Published May 12, 2012
With his name slated to be on every state ballot in the country in November, Libertarian presidential nominee Gary Johnson is an important voice – bringing bold new ideas to the table that appeal to voters across the political spectrum.
Johnson, a Republican who served as governor of New Mexico from 1995 to 2003, is running on a platform that includes slashing government spending to balance the federal budget by 2013, ending wars the U.S. in involved in, and drug reform -- beginning with the legalization of marijuana but extending all the way to the war on drugs, drug policy, relations with Latin America, and even law enforcement policies and priorities-- issues that neither of the two major candidates President Obama and former Massachusetts Gov. Mitt Romney are pursuing right now.
Having received the Libertarian nomination in Las Vegas last weekend, Johnson must now cross a new threshold to ensure that his voice is heard and give these important initiatives a lot of exposure -- achieving the 15 percent required by the Commission on Presidential Debates to participate.
To date, Johnson has been polling between 6 and 9 percent nationally – several points shy of what he needs.

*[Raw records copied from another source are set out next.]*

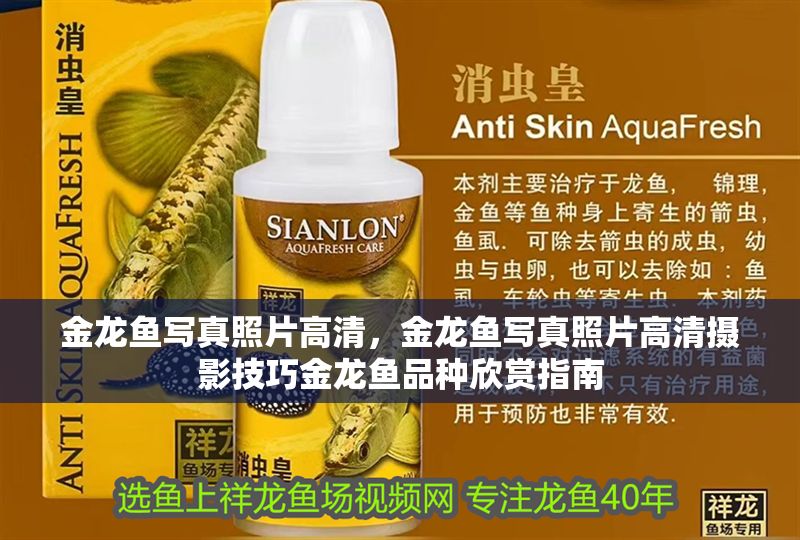 金龍魚寫真照片高清，金龍魚寫真照片高清攝影技巧金龍魚品種欣賞指南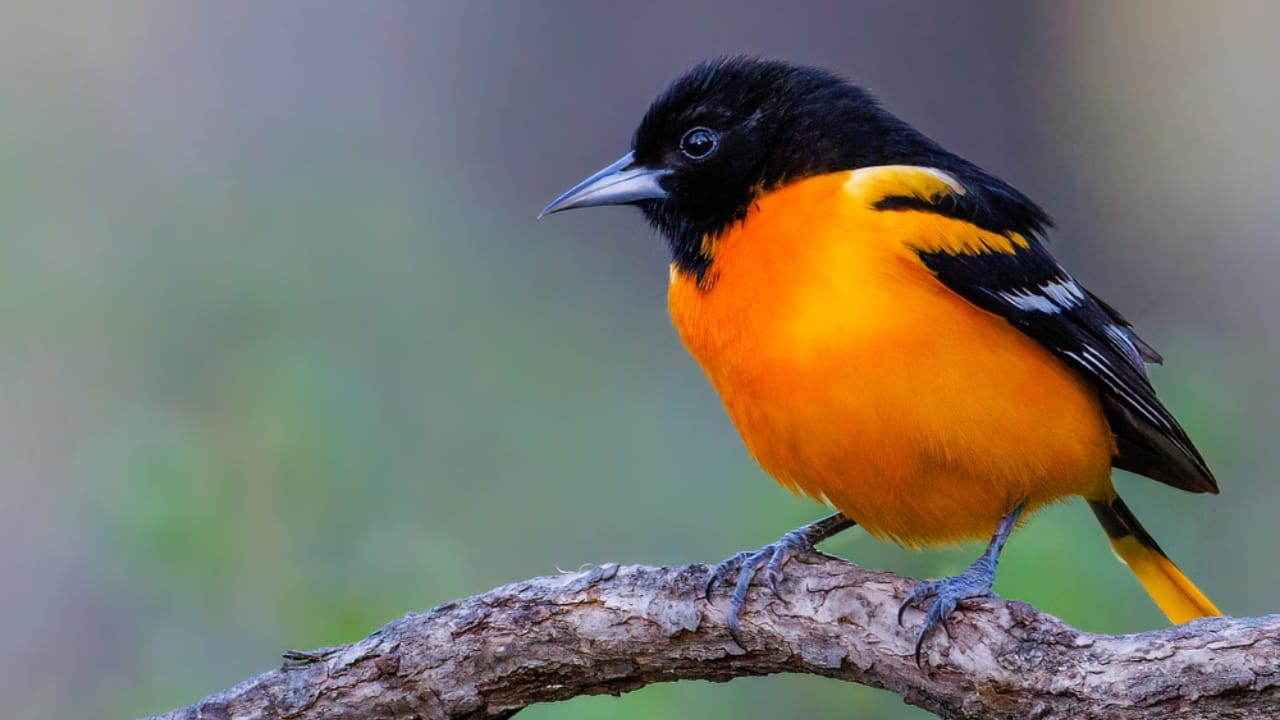 18 Birds Known for Their Black Heads 2 18 Birds Known for Their Black Heads - North American Orioles dp573299012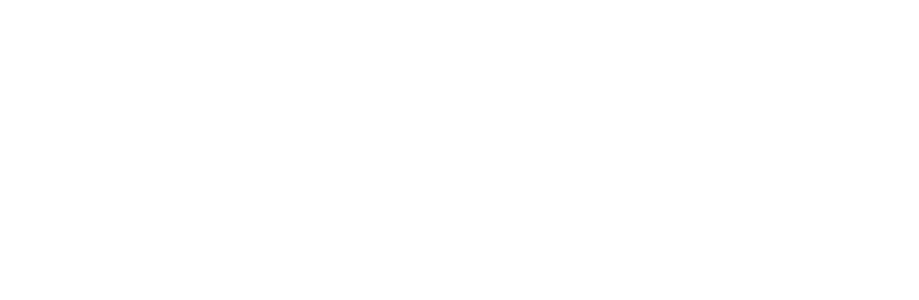 Partner Image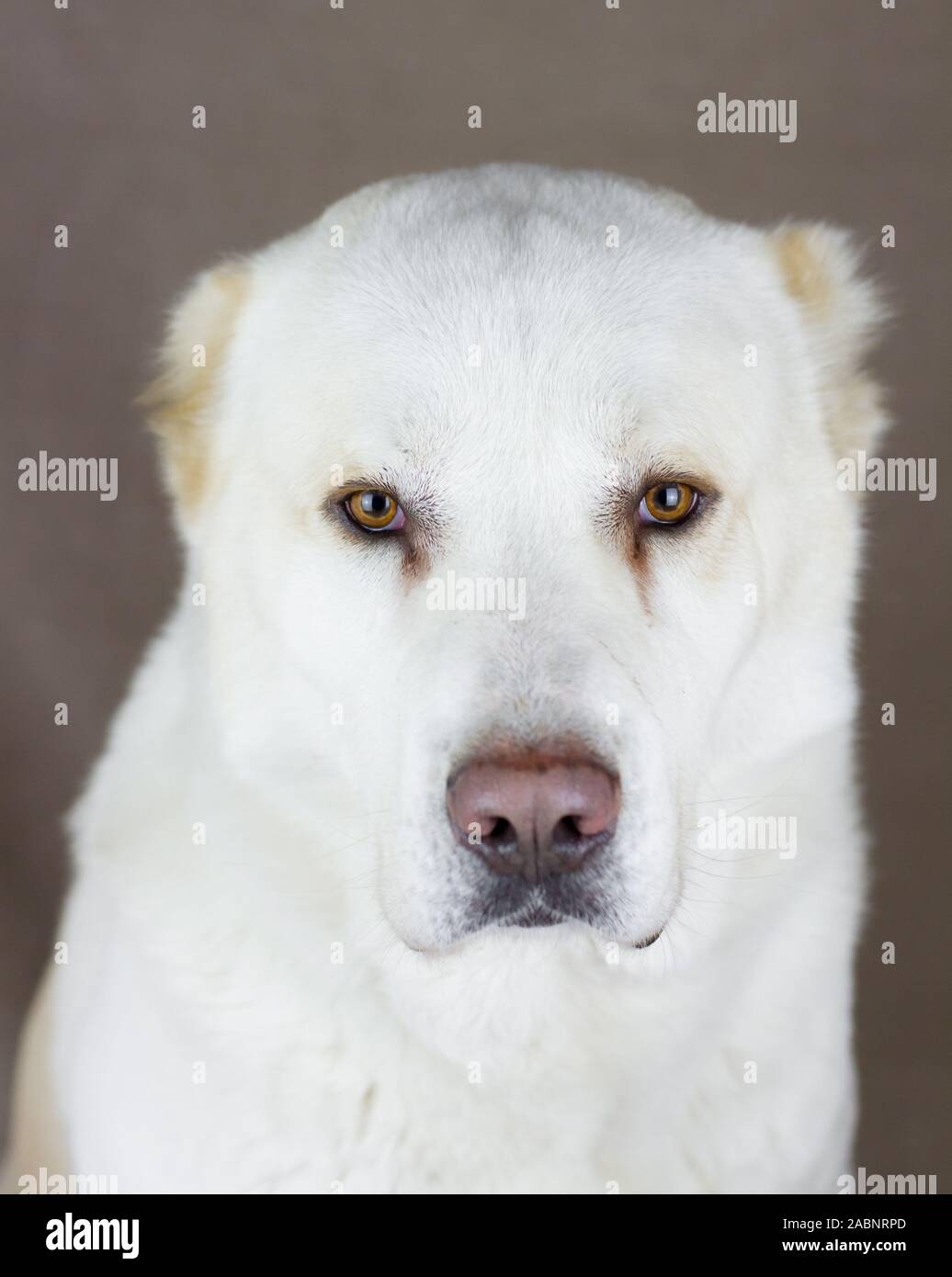 Studio portrait of a white cropped Alabai, Central Asian Shepherd Dog Stock Photo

If the two parties continue to move to the extreme left and right, and if our economic situation continues to remain bleak, it is conceivable that a fresh face emerging would find a degree of responsiveness in a political environment that is as hostile as I have ever seen.
Last weekend, voters in Greece rejected both major political parties amid a dire fiscal situation there, while a disenchanted French electorate voted out President Nicolas Sarkozy. The European elections speak to a major anti incumbency trend that is likely to have profound implications for the 2012 presidential election.
Voters across the board are unsatisfied with the current political system. Most people think that neither party is effective at solving the country’s problems, congressional ratings are at an all-time low, and support for both the Democratic and Republican parties is on the decline.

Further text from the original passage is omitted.